De l'étang de Vrigni je connais la légende Que j'entendis conter par des pâtres normands; Elle est intéressante, et je la recommande A ceux qui sont épris de récits émouvants.
Ce magnifique étang, merveille des merveilles, Fait l'admiration de tous ses visiteurs ; Le chevreuil y vient boire, et des essaims d'abeilles S'abattent sur ses bords enguirlandés de fleurs.
Sans cesse il se revêt de joncs frêles et souples Qui dressent dans les airs leurs plumets veloutés, Et les canards plongeurs s'y promènent par couples, Sans être par la loutre atteints ou déroutés.
On ne saurait trouver de site plus agreste ! le chant des oiseaux, au réveil du printemps, Que la brise accompagne avec son frais orchestre, Offre un charme naïf que j'ai goûté longtemps.
Les grands bois de Sacy l'encadrent de verdure Et lui prêtent l'abri de leurs arbres altiers ; On y peut, en juillet, des chaleurs qu'on endure Éviter aisément les rayons meurtriers.

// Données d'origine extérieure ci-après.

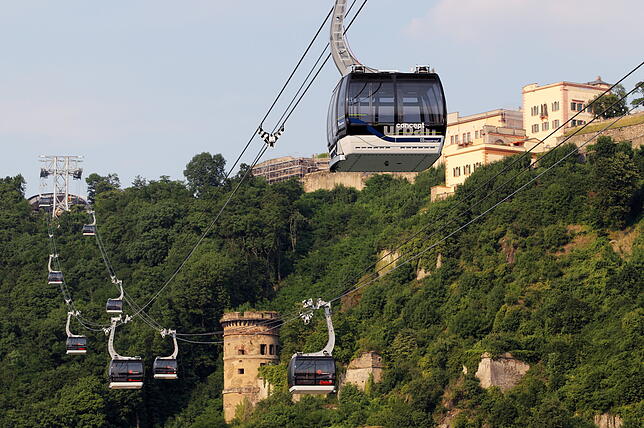 Beliebtes Erbe der Bundesgartenschau 2011: Seilbahngondeln fahren an der Festung Ehrenbreitstein in Koblenz vorbei bis ans andere Rheinufer.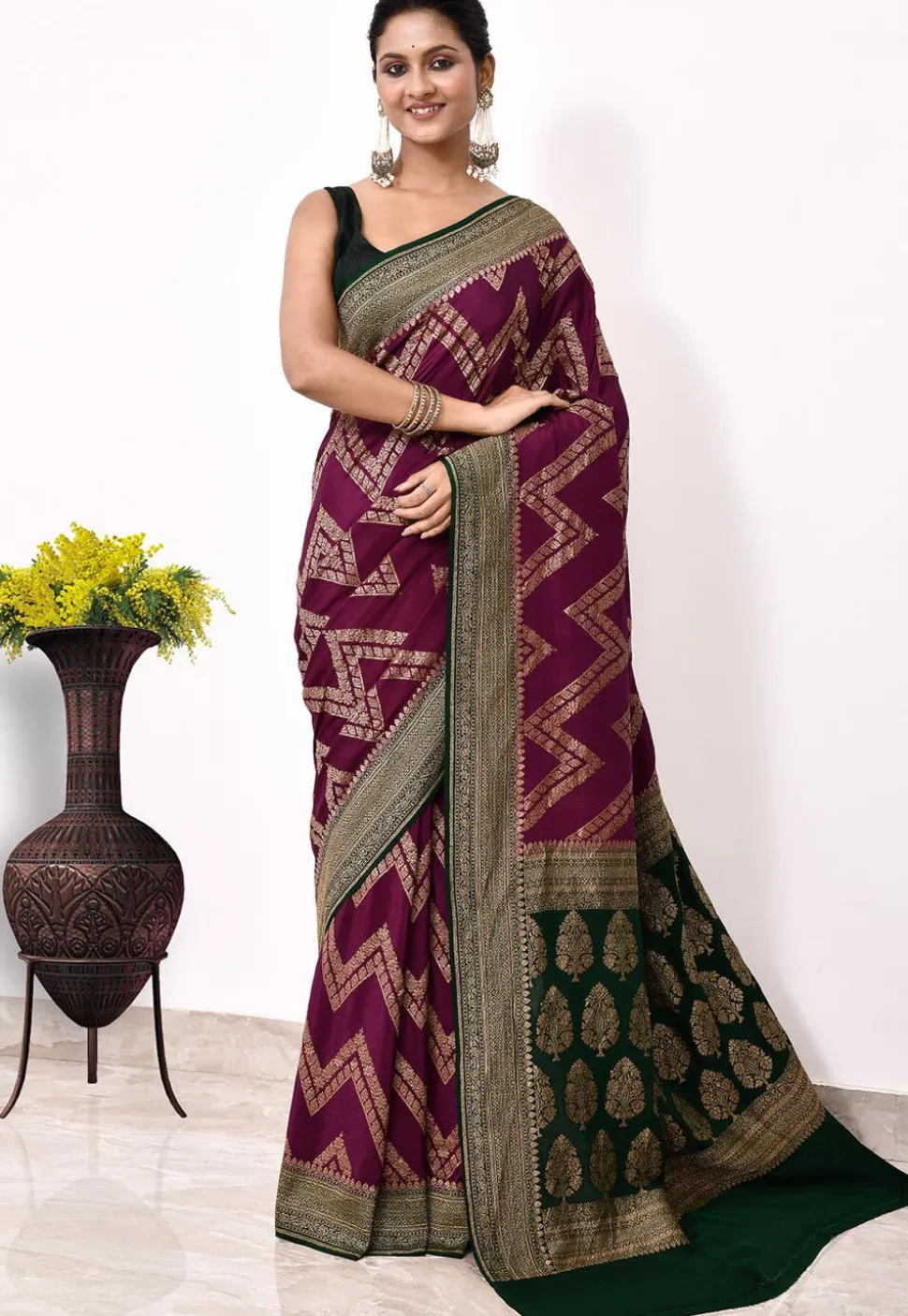 Banarasi Pure Crepe Silk Saree in Magenta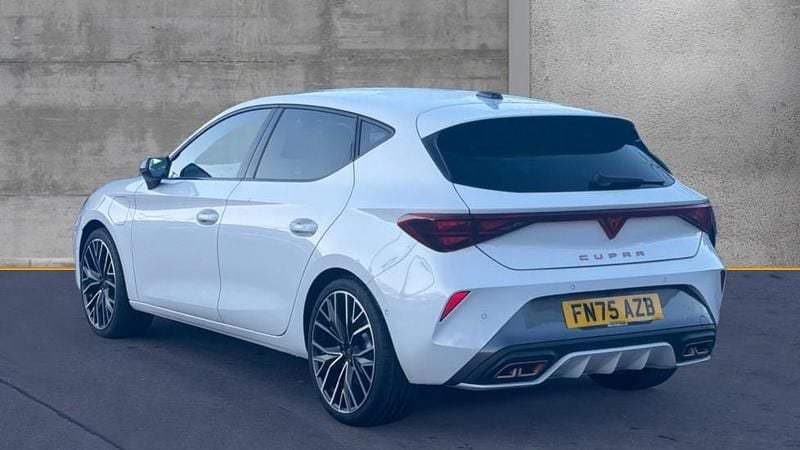 New Cupra Leon VZ2 272 HP (200 kW) 2026 Metallic  glacial white Hatchback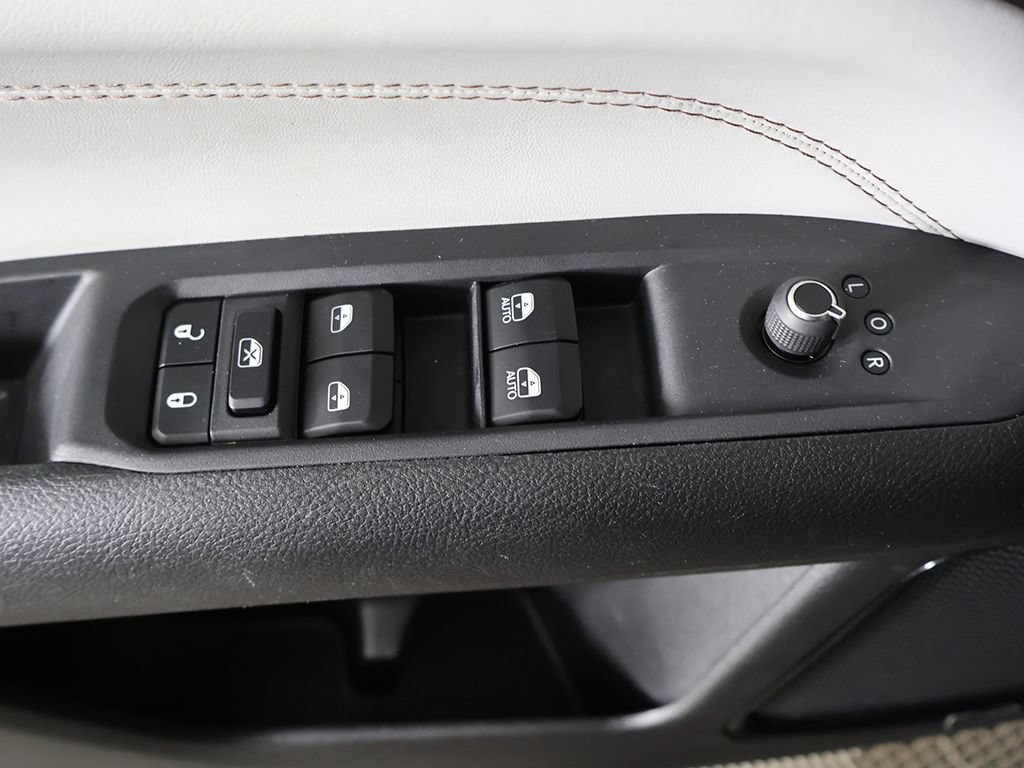 Used 2023 Jeep Compass Limited AWD/4WD image 36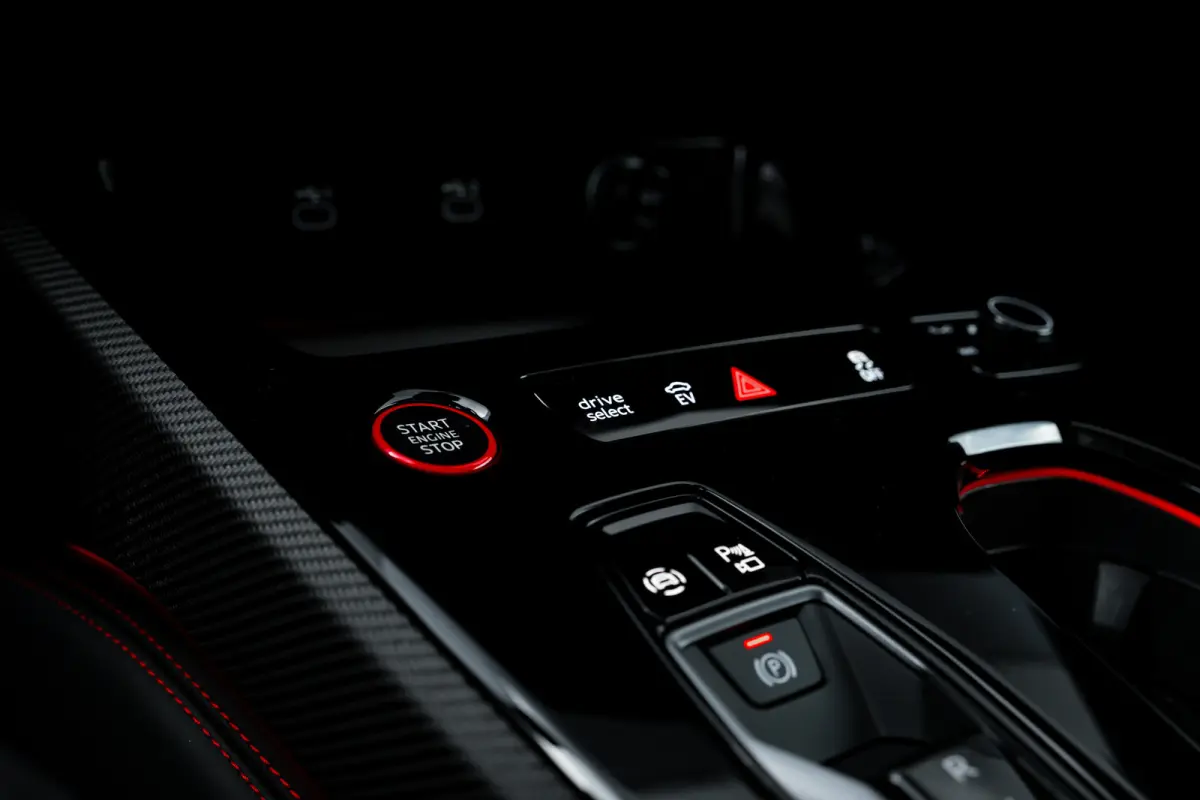 RS 5 Avant e-hybrid 470 kW / 639 PK Ceramische remmen | Carbon In&Exterieur | Panorama Dak | Stoelventilatie en Massage
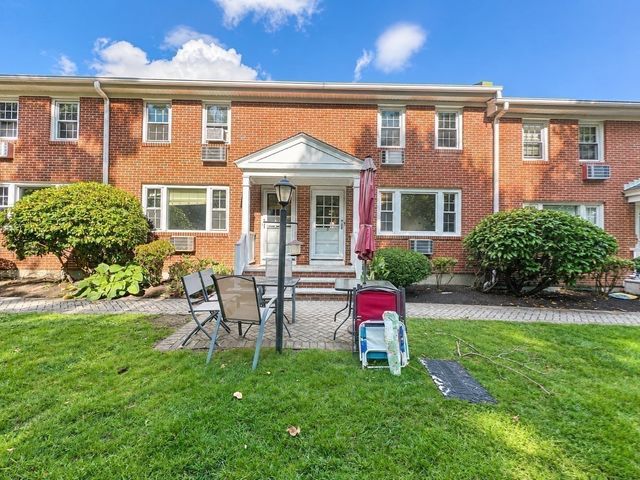 60 Lake Street J, Winchester, MA 01890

Une barque légère, enchaînée à la rive, La nuit prend son essor et glisse sur ses eaux; Elle navigue seule et dès que l'aube arrive, D'elle-même elle rentre au milieu des roseaux.
Qui détache et dirige, aux lueurs de la lune. Ce frêle esquif sans voile? On ne l'a jamais su. Pourtant, plus d'un chasseur espérait, à la brune, Découvrir ce mystère et fut toujours déçu.
Le seigneur de Vrigni, dont la famille éteinte N'a plus de descendants, était veuf, mais avait Une fille fort belle et que Mignard a peinte Si bien, qu'en la voyant le monarque en rèvait.
Elle n'eût à la cour point trouvé de rivale, Mais elle préférait son foyer familier; L'amour avait touché son âme virginale : Elle allait épouser un brillant chevalier.
Les fiancés coulaient des jours remplis d'ivresse En attendant l'instant qui devait les unir, Quand la guerre appela le ban de la noblesse Et d'où le chevalier ne put point revenir.
En apprenant soudain cette affreuse nouvelle, Son coeur brisé sentit le deuil voiler ses jours, Et son front se couvrit d'une pâleur mortelle Que depuis ce moment elle garda toujours.
Se rappelant le temps de son bonheur mystique, Qui, quoique près du but devait si peu durer, Sur les bords de l'étang, seule et mélancolique, Avec le crépuscule, elle venait errer.
Un soir qu'elle rôdait sans doute sur la rive, Par les pleurs aveuglée elle glissa dans l'eau ; Car on ne revit plus, inclinée et pensive, La pâle jeune fille au balcon du château.
On dit dans le pays, que depuis cette époque, Sur l'étang de Vrigni son ombre vient souvent, Et qu'on entend parfois, comme un tendre colloque Et des soupirs plaintifs qu'on prend pour ceux du vent.
Chaque nuit on croit voir, à la première étoile Éparpillant dans l'air ses rayons jaillissants , Voguer dans la pénombre une barque sans voile Qui sillonne les eaux et les croise en tous sens.